Ntaganda, dubbed the "Terminator", has been sought for years by the International Criminal Court accused of using child soldiers.

But Kinshasa has always refused to give him up, countering that Ntaganda had integrated into the national army along with his CNDP rebels under a 2009 peace deal, and that his cooperation was needed to stabilise the war-ravaged east.

However, the tone changed when a group of several hundred National Congress for the Defence of the People (CNDP) loyalists defected in April and began attacking army troops in Nord-Kivu.

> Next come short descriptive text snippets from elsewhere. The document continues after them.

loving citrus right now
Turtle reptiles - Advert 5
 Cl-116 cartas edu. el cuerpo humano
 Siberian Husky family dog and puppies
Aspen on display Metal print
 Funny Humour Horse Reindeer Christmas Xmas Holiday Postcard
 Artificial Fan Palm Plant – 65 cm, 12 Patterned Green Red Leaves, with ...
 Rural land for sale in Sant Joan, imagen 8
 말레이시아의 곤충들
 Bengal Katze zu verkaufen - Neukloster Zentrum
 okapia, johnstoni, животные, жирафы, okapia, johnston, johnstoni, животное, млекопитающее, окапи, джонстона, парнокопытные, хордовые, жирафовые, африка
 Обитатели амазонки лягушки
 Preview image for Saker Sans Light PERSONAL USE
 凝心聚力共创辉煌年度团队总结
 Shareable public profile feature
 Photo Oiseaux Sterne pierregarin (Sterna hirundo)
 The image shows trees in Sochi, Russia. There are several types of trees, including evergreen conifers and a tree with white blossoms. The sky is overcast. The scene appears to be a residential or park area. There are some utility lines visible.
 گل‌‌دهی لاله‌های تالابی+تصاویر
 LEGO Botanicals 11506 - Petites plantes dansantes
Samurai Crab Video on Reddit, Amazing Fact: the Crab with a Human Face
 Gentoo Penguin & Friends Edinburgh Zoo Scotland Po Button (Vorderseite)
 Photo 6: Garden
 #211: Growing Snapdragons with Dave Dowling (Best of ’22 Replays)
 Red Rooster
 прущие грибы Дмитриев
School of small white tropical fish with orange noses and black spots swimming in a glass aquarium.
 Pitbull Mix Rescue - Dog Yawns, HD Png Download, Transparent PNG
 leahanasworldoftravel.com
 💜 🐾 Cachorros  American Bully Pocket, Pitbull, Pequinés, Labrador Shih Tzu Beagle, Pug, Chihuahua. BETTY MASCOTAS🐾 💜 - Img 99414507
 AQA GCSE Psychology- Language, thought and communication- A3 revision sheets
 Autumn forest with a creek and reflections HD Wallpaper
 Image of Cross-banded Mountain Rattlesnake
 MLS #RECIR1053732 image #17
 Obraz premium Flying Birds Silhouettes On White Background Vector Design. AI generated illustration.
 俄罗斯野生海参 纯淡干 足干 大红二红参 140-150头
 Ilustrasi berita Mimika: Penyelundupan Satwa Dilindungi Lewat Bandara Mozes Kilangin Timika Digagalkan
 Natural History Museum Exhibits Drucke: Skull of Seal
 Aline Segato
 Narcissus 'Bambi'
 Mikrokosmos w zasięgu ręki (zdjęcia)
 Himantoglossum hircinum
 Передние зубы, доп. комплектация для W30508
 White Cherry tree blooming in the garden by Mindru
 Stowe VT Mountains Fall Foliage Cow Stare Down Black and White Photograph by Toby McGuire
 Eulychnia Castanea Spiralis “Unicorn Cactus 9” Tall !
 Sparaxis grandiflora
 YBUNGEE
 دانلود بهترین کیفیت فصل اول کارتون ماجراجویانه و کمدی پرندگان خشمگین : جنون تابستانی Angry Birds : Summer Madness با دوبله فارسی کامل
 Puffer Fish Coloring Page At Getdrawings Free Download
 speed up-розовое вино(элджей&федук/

DR Congo President Joseph Kabila consequently warned that any officers, be it Ntaganda or anyone else who commit further acts of disobedience, would be arrested and tried.

New charges

"For all others who have been extradited, it is always Congolese justice that had given a favourable opinion, and we had executed the transfer," Mende said, referring to Thomas Lubanga, a former militia chief who was found guilty in March of using child soldiers in a bloody conflict.

Mende said Kinshasa was also hunting Ntaganda over the recent clashes in Nord-Kivu between army troops and CNDP mutineers.

"We have our own grievances against the general Ntaganda, who was associated at one moment with the peace process and who has commited an act of felony, compounded by several blood crimes against both our army and civilians.

"We intend to catch him and try him in our country," he added.

Ntaganda has fled with his men close to the border with Rwanda, according to the army.

Earlier on Monday, ICC chief prosecutor Luis Moreno-Ocampo announced that he wanted to add new charges against Ntaganda, including crimes against humanity for murder, ethnic persecution, rape and sexual slavery.

He also sought war crimes charges for "intentional attacks" against civilians that led to murder, rape, sexual slavery and pillaging.